▶ [Data for analysis]:
--------

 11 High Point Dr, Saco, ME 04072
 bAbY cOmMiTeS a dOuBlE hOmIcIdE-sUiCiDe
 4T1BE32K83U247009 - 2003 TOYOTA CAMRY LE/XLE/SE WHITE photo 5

--------

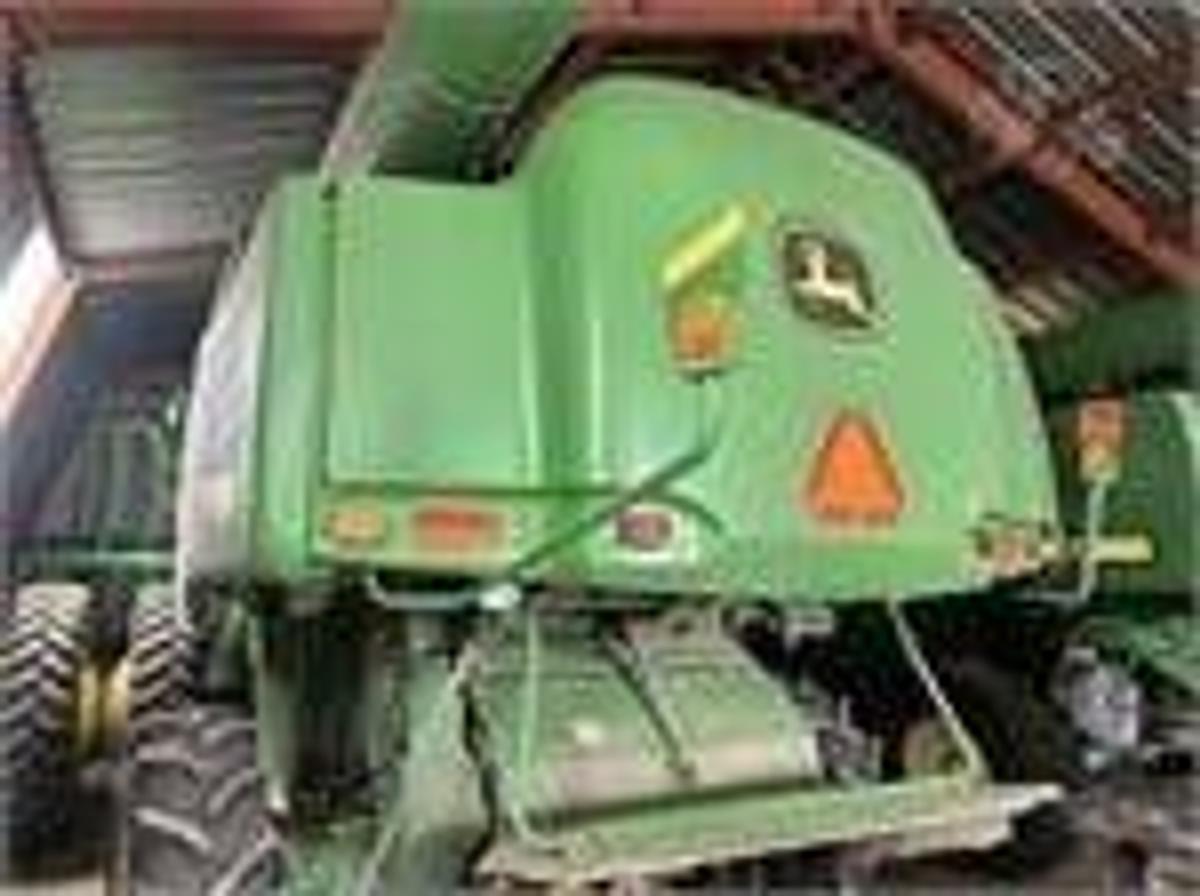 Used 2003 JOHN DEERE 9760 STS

--------

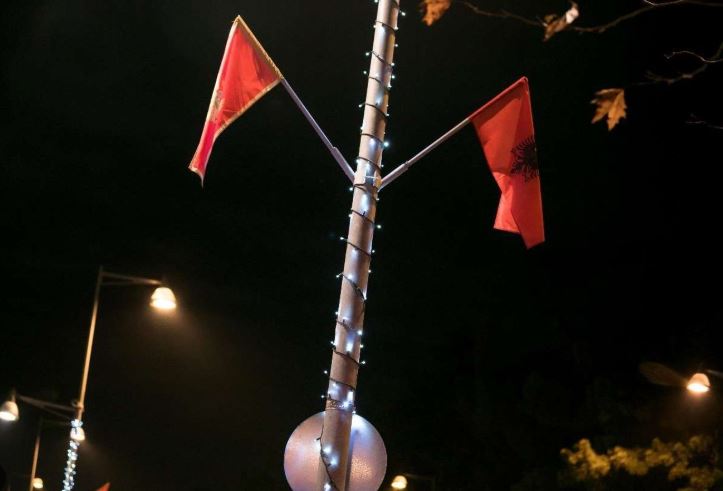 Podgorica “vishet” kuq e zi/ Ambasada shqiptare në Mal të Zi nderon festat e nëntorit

--------

▶ [What is required]: Retype, exactly and in full, the lines above from the one containing "11 High Point Dr, Saco, ME 04072" through the one containing "4T1BE32K83U247009 - 2003".

▶ [Answer for the task]:
 11 High Point Dr, Saco, ME 04072
 bAbY cOmMiTeS a dOuBlE hOmIcIdE-sUiCiDe
 4T1BE32K83U247009 - 2003 TOYOTA CAMRY LE/XLE/SE WHITE photo 5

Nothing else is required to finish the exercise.